The night bookmobile by Audrey Niffenegger.  Of course I have seen this title and cover before, but something about the description always put me off.  I picked it up because it is my turn to do the in-library display and I did graphic novels and something finally fell into place.

I read this, and when I got to the end, I went back to the front page and read it again.  The book goes in one direction, until a very abrupt turn towards the end.  Re-reading it, knowing what's coming, is a bit different from the first time around.

I wish the graphics were a little less cartoony, that the turn was less abrupt.  4 stars.

Age of reptiles: Ancient Egyptians by Ricardo Delgado.  I guess this won awards?  It was super-highly reviewed?  I don't see the appeal; like 1 and 1/2 stars.

This is a wordless graphic novel; it's very hard to follow the action because of the  very small pictures of various similar-looking dinosaurs.  In one of the introductions-- there are 2 by 2 different people-- the writer talks about anthropormophizing the animals and seeing emotion on their faces, making it such a deep story.  I looked really hard for that and couldn't find it.  I don't know if this isn't the book for me, or if I'm not right for this book.

Embrace with Taryn Brumfitt.  Our local movie theater never got this in-- and they never even replied to all the people who contacted them asking for it.  Poor form.  But this documentary is now on iTunes, so some friends had a little get-together for Girls' Night In.

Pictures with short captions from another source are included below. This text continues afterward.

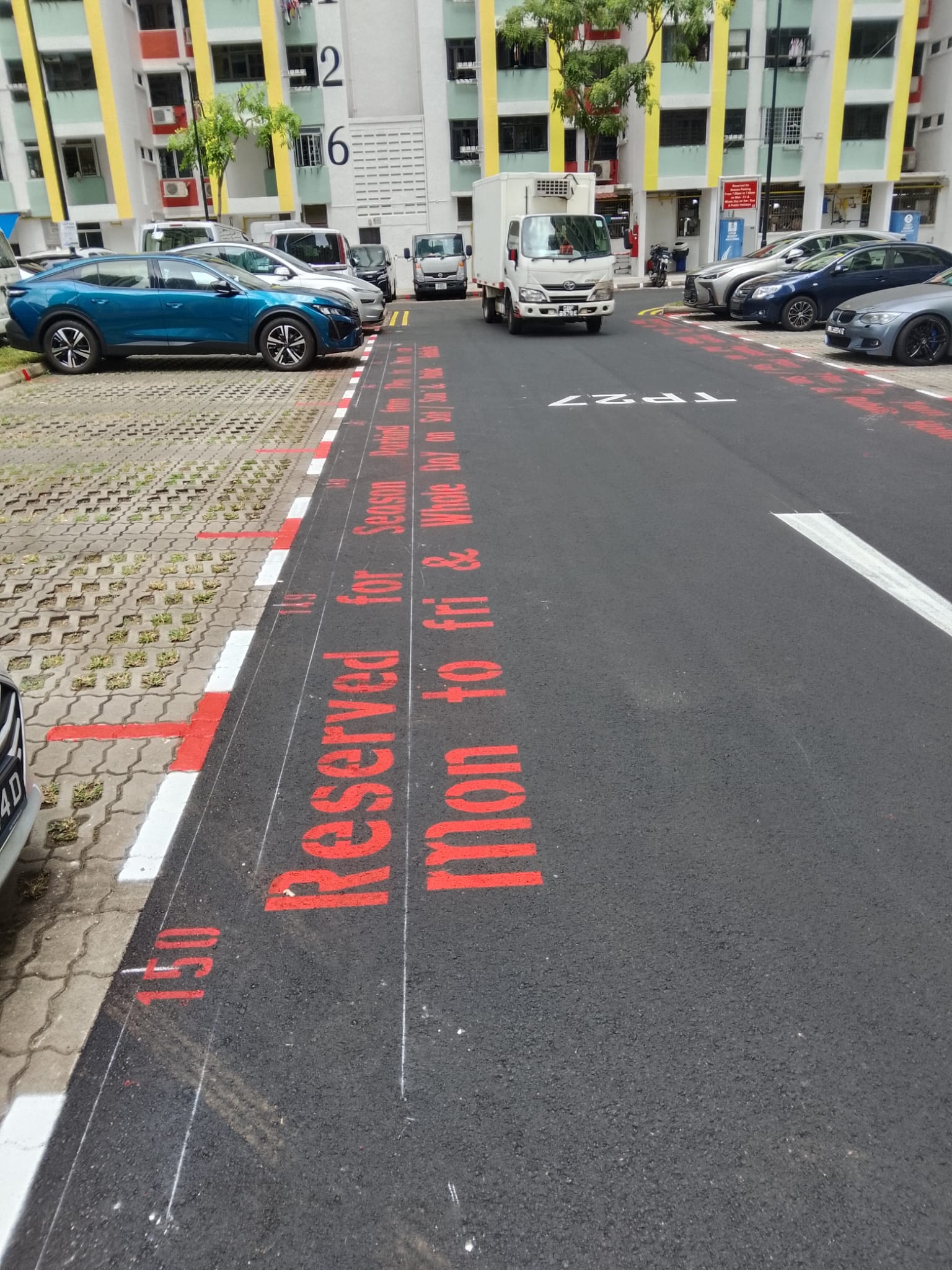 Completed carpark line marking with reserved lot signage and directional arrows by EMK Construction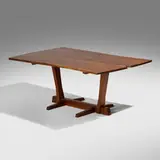 Special-order Conoid dining table by George Nakashima, 1971, American black walnut, East Indian laurel, sold May 2026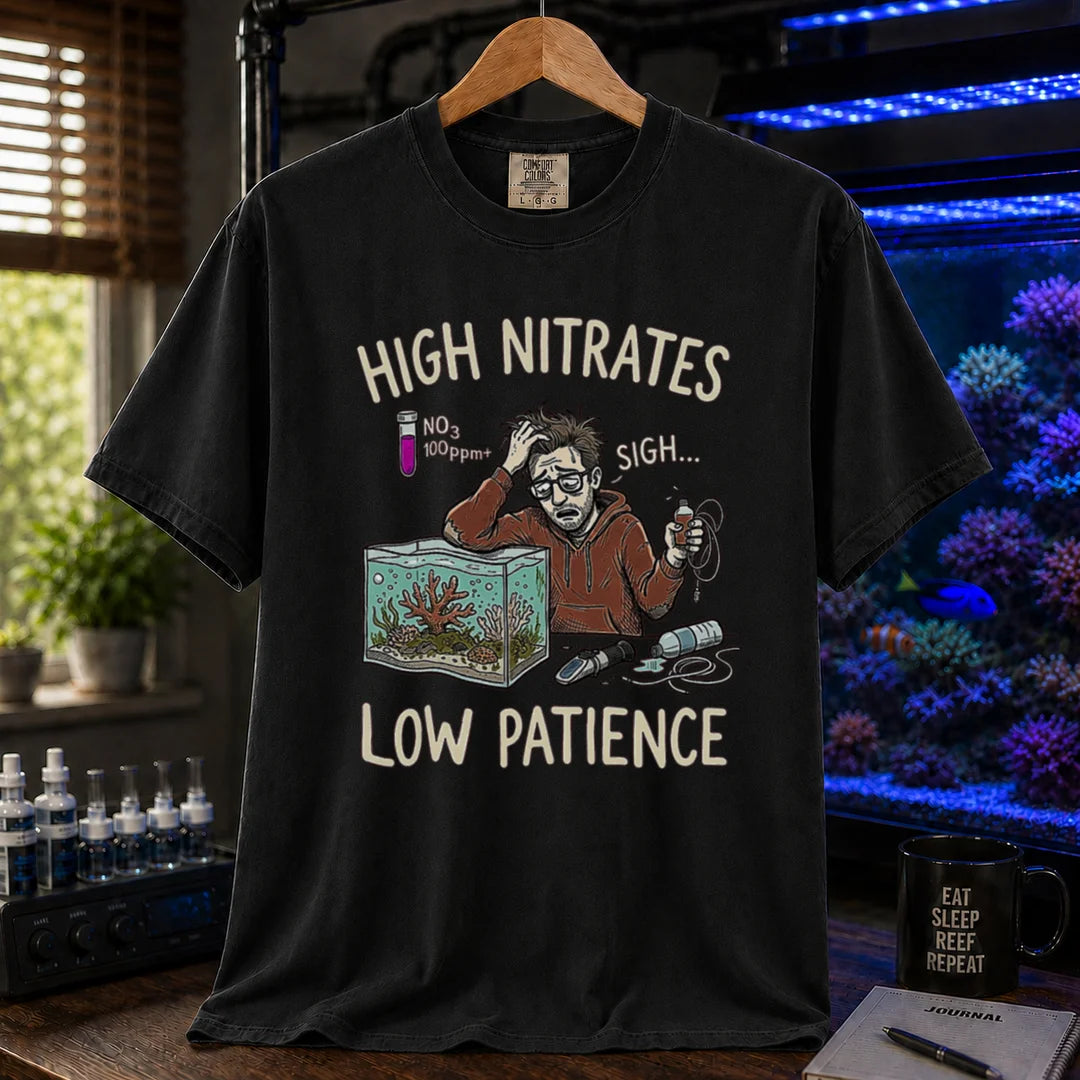 Saltwater aquarium graphic t-shirt featuring a stressed aquarist illustration and text: HIGH NITRATES LOW PATIENCE, black crew neck tee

Not very many of these ideas were really new to me; poking around online, having friends and family who are rockin' women, trying (and failing) to buy clothes in stores or online... no one should be surprised that our consumer culture, the fashion industry, and we ourselves have a very narrow definition of the ideal or even acceptable female body type, and that we should be consciously working to expand those definitions.  This film struck a really nice balance-- no, you don't need to meet these unrealistic measurements to be healthy and lovely, and no, you don't need to tell severely overweight people that they are healthy just how they are.  But however you are, why waste energy wishing you had other features?  Be heart-healthy and eat well, and ignore what the label in your jeans says.